*WHAT IS BEING ASKED*. What are the lines, word for word, from the line with "Chitroen_シトロン@休止中さんのアイコン画像" up to and including the line with "Чарвак Дача бочка" in the records below? Omit the pictures.

::: SUPPLIED MATERIAL

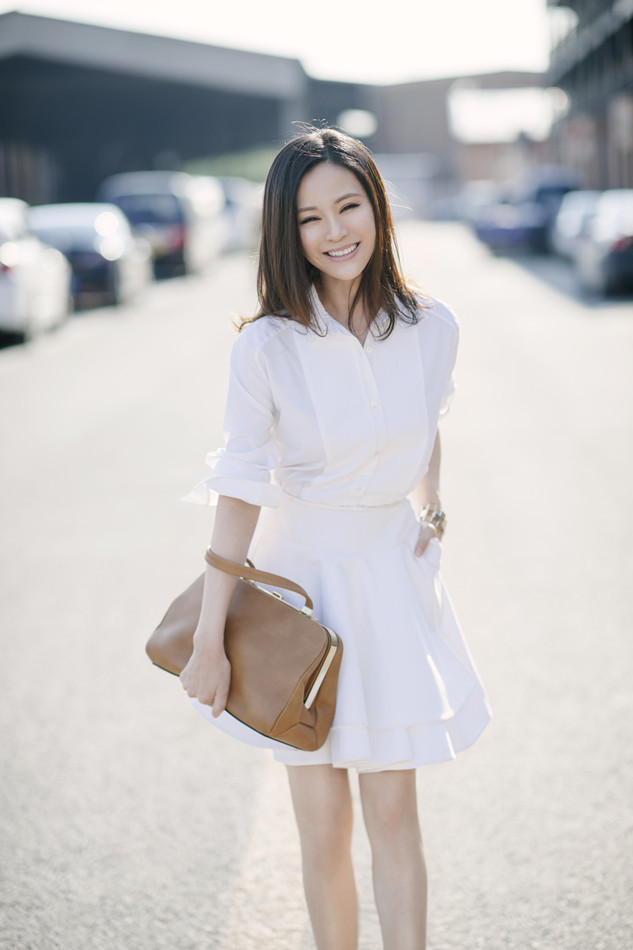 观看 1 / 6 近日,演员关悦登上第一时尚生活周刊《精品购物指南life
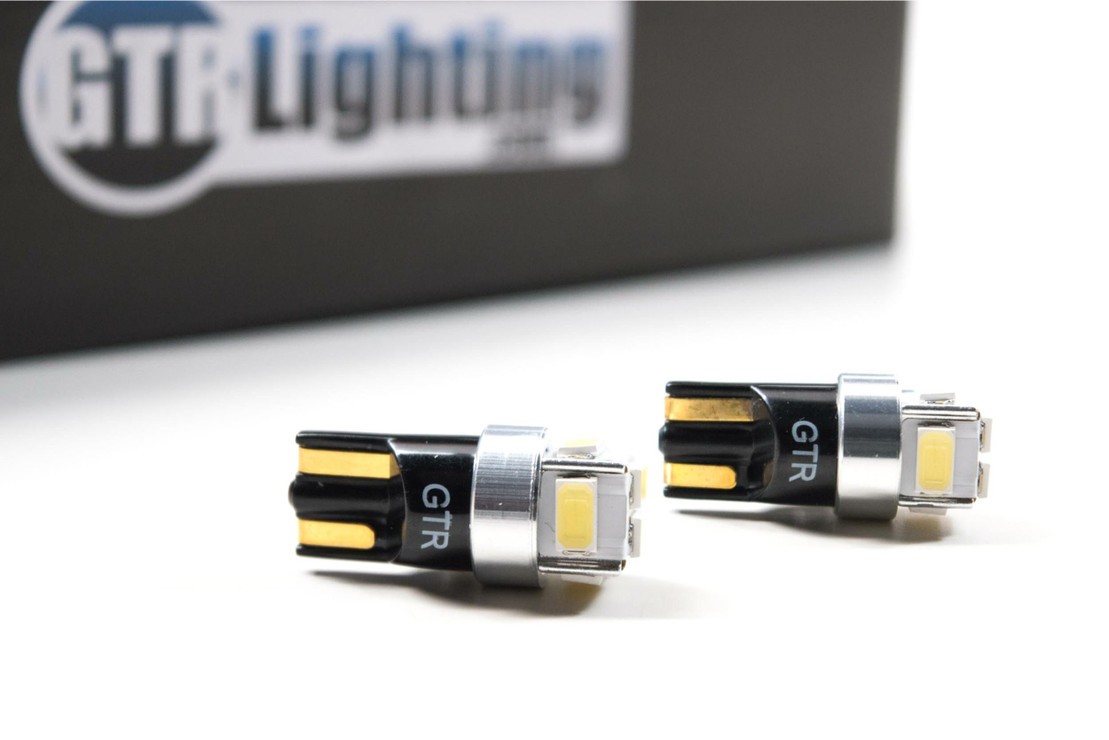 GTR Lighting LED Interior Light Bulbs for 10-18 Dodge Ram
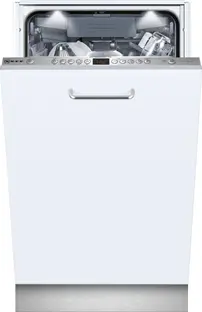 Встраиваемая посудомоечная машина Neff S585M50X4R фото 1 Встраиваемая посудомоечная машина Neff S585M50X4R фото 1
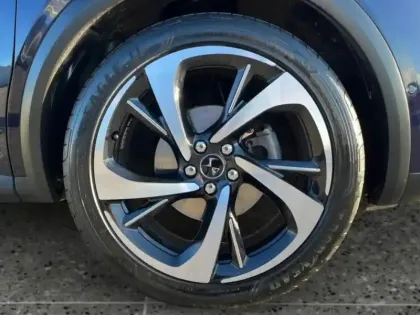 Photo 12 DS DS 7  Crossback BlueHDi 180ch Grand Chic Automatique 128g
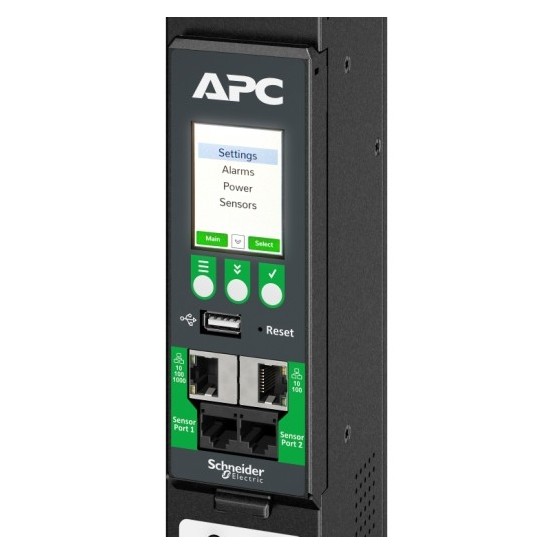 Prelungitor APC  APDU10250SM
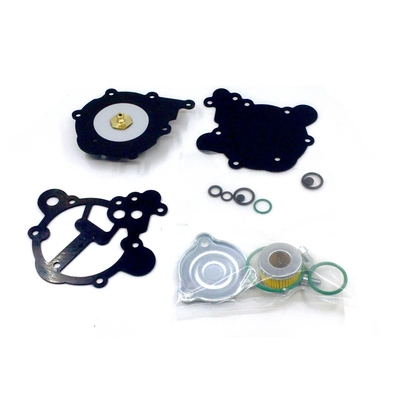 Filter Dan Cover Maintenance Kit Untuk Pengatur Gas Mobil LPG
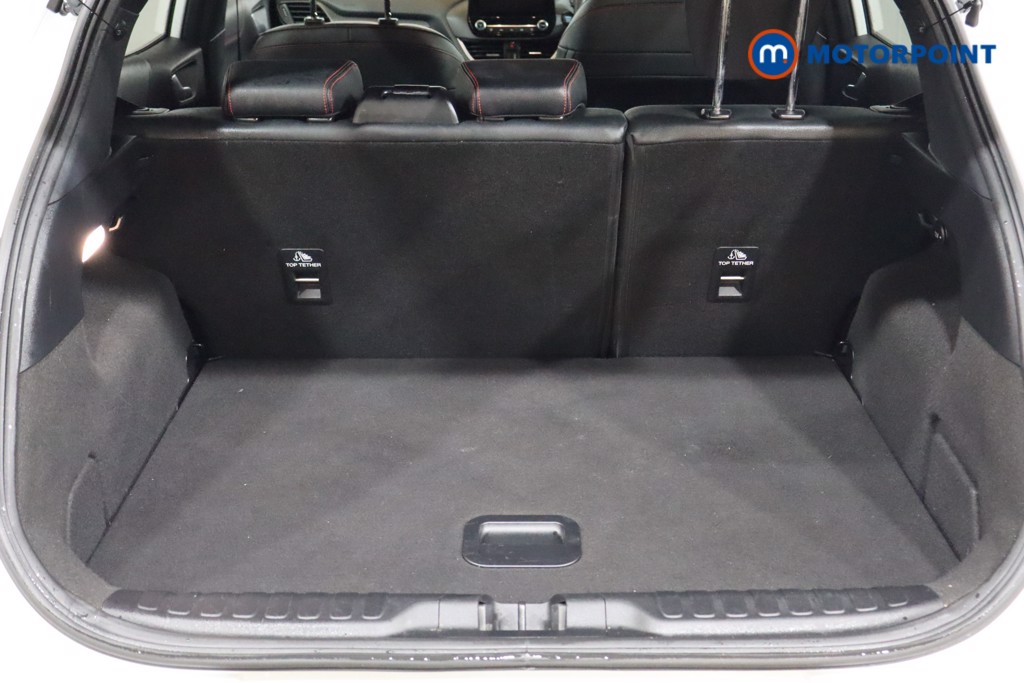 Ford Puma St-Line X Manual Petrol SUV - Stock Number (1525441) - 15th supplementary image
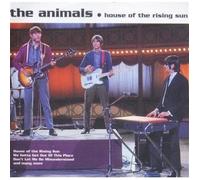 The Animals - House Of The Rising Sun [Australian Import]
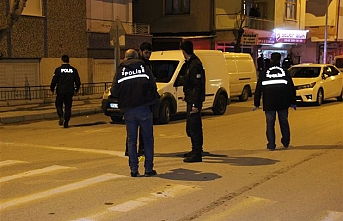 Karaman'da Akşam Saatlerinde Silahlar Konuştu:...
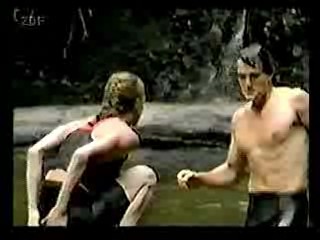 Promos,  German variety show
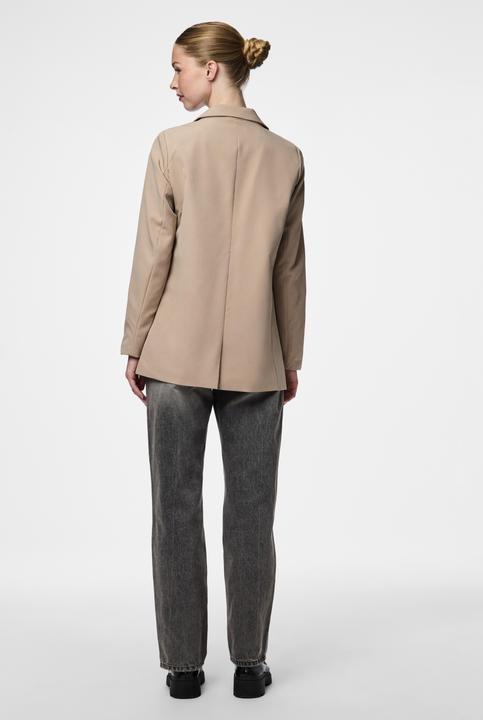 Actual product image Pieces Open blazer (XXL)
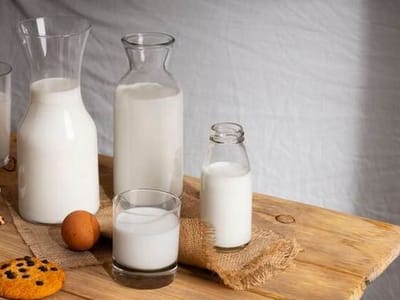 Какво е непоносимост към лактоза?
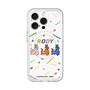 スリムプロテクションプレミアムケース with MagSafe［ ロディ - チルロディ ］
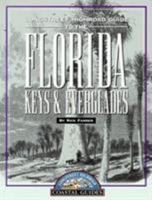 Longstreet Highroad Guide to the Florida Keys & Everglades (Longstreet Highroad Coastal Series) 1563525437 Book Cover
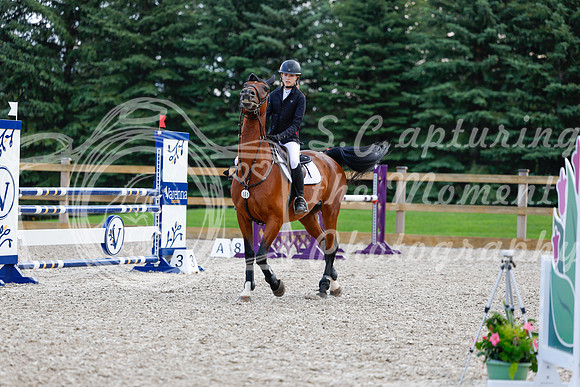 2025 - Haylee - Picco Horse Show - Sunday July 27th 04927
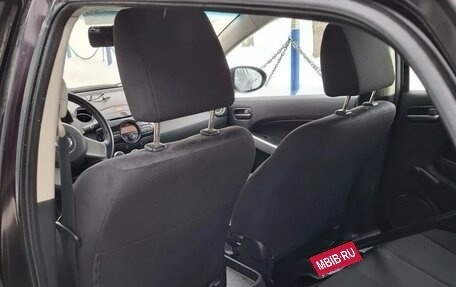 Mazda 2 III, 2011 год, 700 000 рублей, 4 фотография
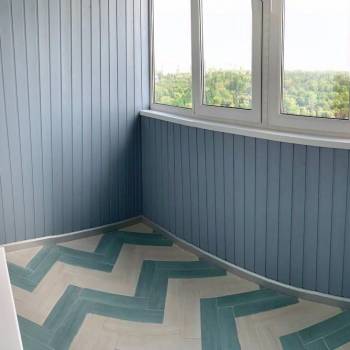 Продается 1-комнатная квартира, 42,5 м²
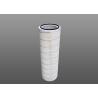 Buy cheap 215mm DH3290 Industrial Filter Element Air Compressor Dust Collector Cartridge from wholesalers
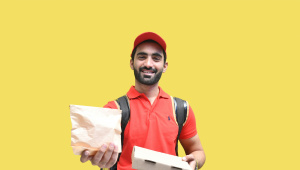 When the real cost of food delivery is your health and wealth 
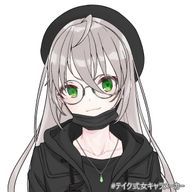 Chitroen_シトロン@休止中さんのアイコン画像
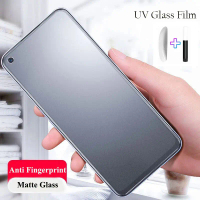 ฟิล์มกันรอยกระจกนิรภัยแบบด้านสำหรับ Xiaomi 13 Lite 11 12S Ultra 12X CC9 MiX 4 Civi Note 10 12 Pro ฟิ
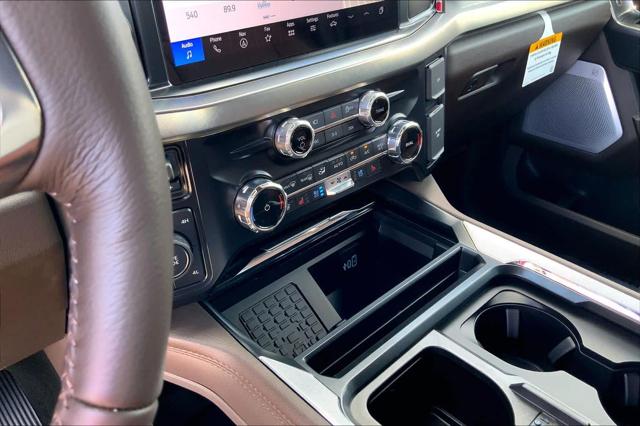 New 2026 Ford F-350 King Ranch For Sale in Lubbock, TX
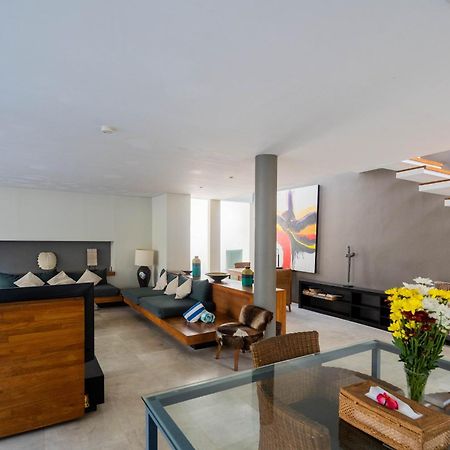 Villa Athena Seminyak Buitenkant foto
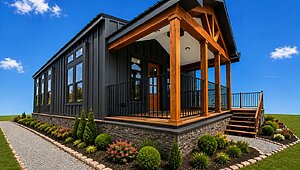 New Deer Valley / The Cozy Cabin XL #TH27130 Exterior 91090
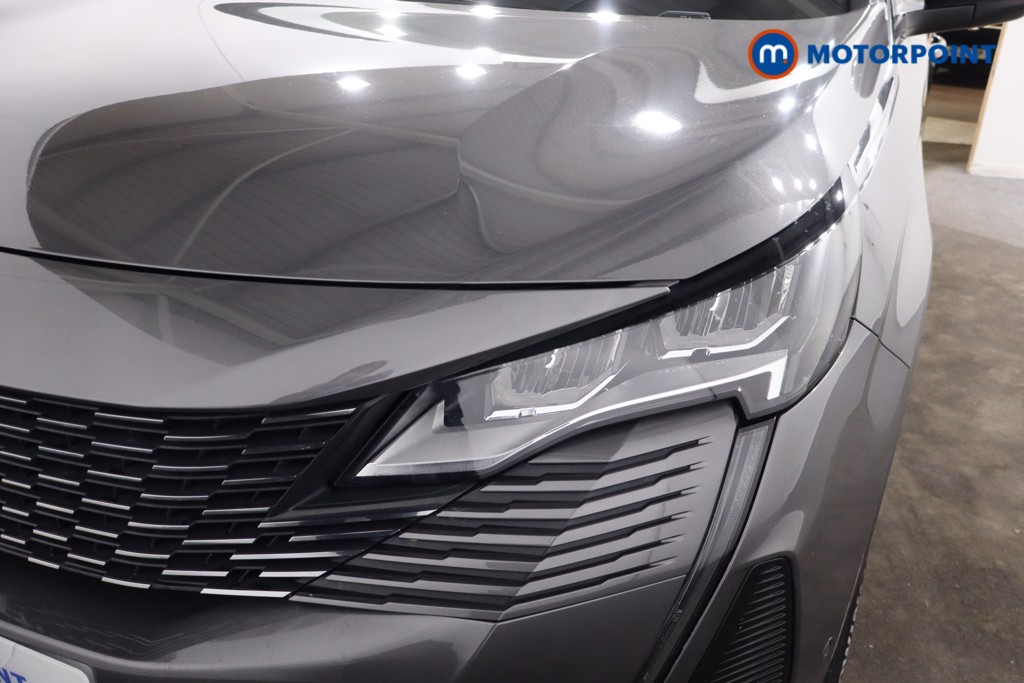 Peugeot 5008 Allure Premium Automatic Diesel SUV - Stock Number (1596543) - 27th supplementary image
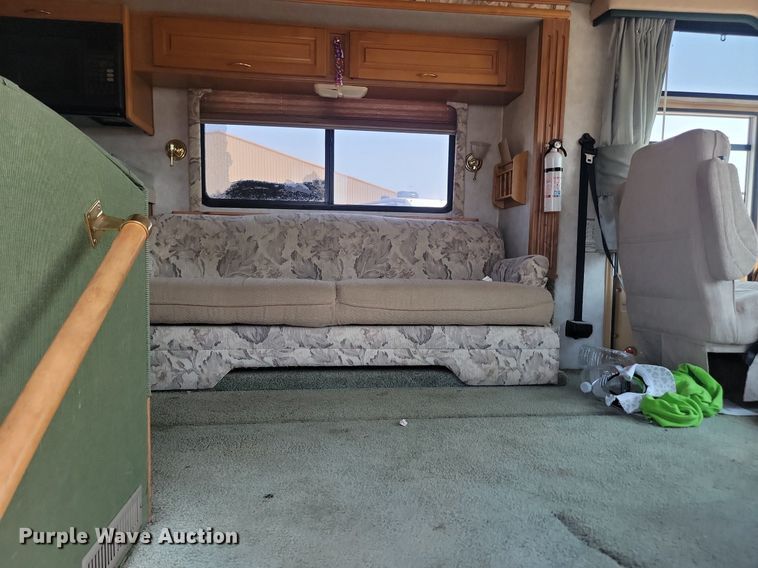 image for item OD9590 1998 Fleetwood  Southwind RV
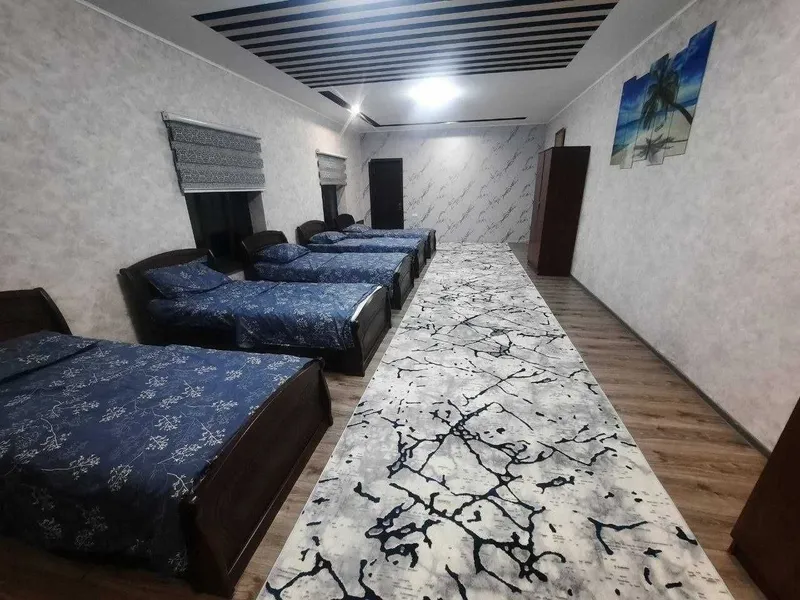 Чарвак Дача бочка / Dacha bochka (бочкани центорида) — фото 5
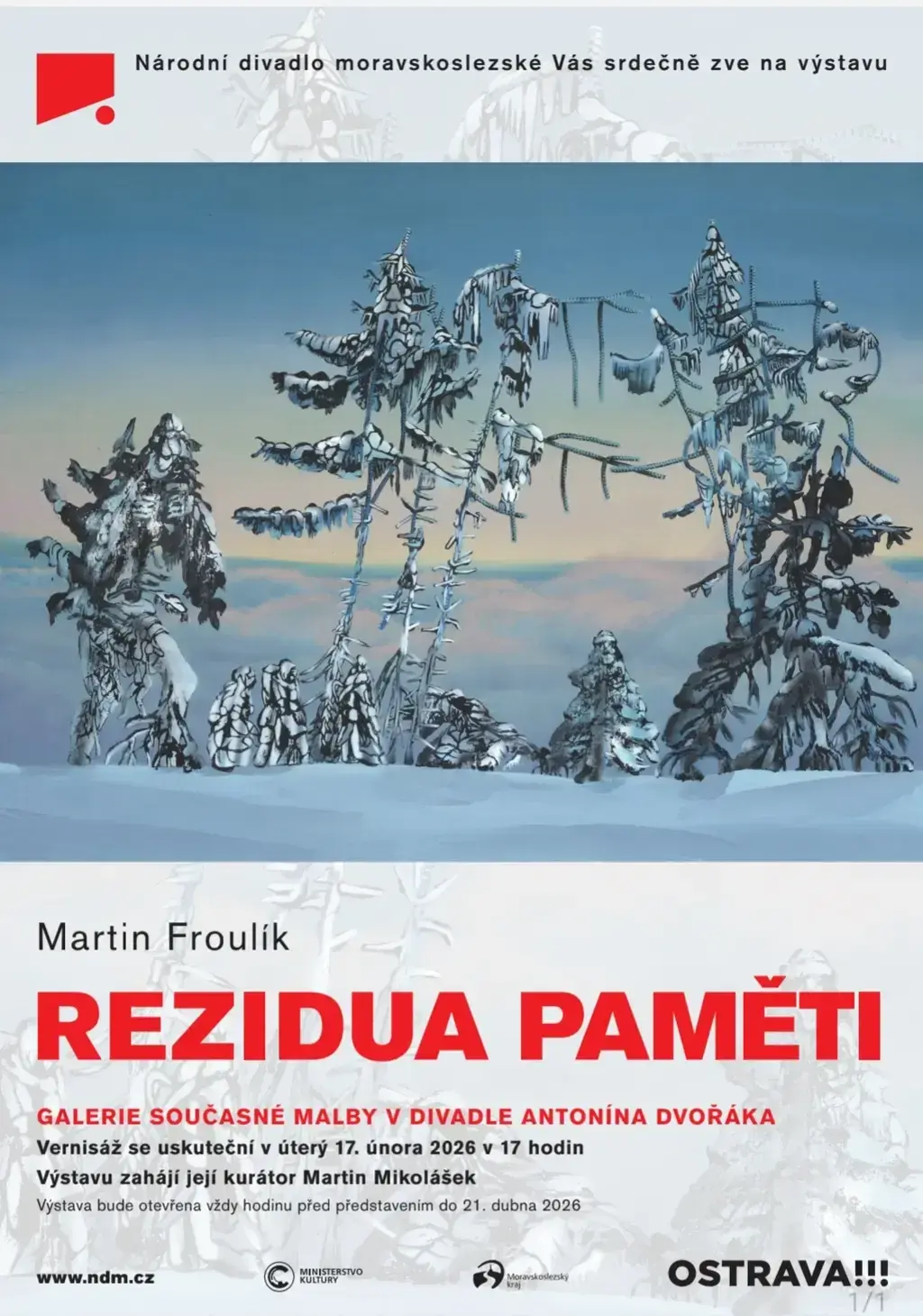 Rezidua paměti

::::::

*RESPONSE*.
 Chitroen_シトロン@休止中さんのアイコン画像
 ฟิล์มกันรอยกระจกนิรภัยแบบด้านสำหรับ Xiaomi 13 Lite 11 12S Ultra 12X CC9 MiX 4 Civi Note 10 12 Pro ฟิ
 New 2026 Ford F-350 King Ranch For Sale in Lubbock, TX
 Villa Athena Seminyak Buitenkant foto
 New Deer Valley / The Cozy Cabin XL #TH27130 Exterior 91090
 Peugeot 5008 Allure Premium Automatic Diesel SUV - Stock Number (1596543) - 27th supplementary image
 image for item OD9590 1998 Fleetwood  Southwind RV
 Чарвак Дача бочка / Dacha bochka (бочкани центорида) — фото 5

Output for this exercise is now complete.